ただし、清朝は初めから貧乏だったわけではない。建国当初は、世界有数の大金持ち王朝だったのである。
1644年、清国が建国されたとき、清朝の支配者たちは、父祖の地「満州」から莫大な資金を中国に持ち込んだ。しかも、歴代の皇帝たちは、勤勉で質素だった。だから、お金は腐るほどあったのである。
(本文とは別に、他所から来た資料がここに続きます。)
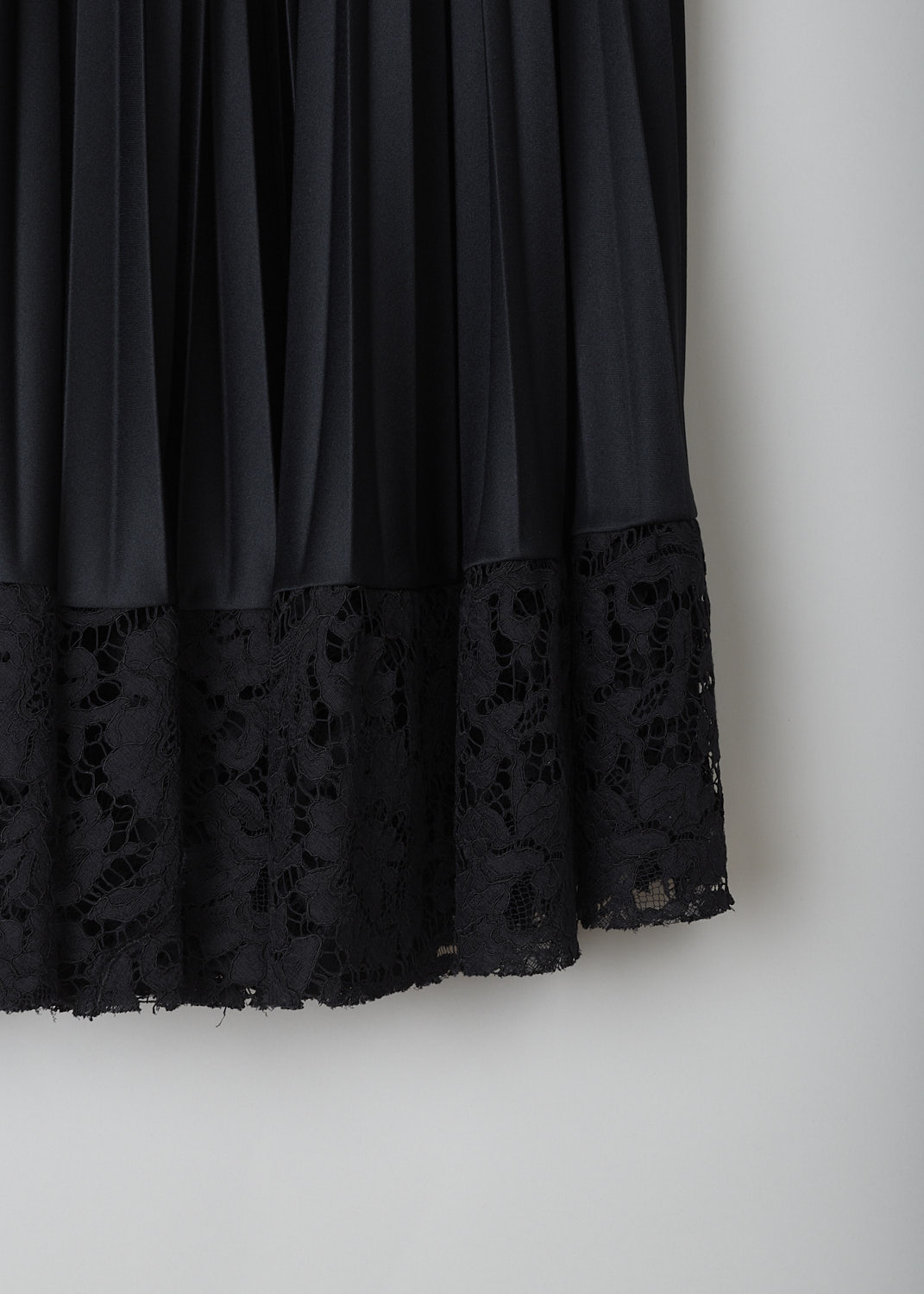 VALENTINO, BLACK PLEATED SKIRT WITH LACE TRIM, TB3MD01H575_0N0, Black, Detail, This black pleated skirt has a partly elasticated waistband with the brand's logo on it to one side. The skirt has a below-the-knee length. The straight hemline has a broad black lace trim.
ところが、19世紀末の清国は、ヨーロッパ列強・ロシアに領土を浸食され、鉄道の敷設権や鉱山の採掘権まで奪われた。あげく、日清戦争で大敗けして、陸軍は大損害、海軍は壊滅・・・お金があるわけがない。
そこへ、2億3000テール払えって?
432兆円ですよ・・・ムリ。
そこで、李鴻章の耳元で、悪魔がささやいた。
「フランスの銀行からお金を借りれるように、便宜を計らってあげますよ、ムフフ」
こうして、ロシア皇帝の口利きで、清国はフランスの銀行から、お金を借りることができたのである。メデタシ、メデタシ・・・
とはならなかった(あたりまえ)。
問題はその代償。
前述した究極の不平等条約「露清密約」を押しつけられたのである。清国にしてみれば、搾取されるだけで、いいことは一つもない。借金の口利きとワイロが、こんなに高くつくとは。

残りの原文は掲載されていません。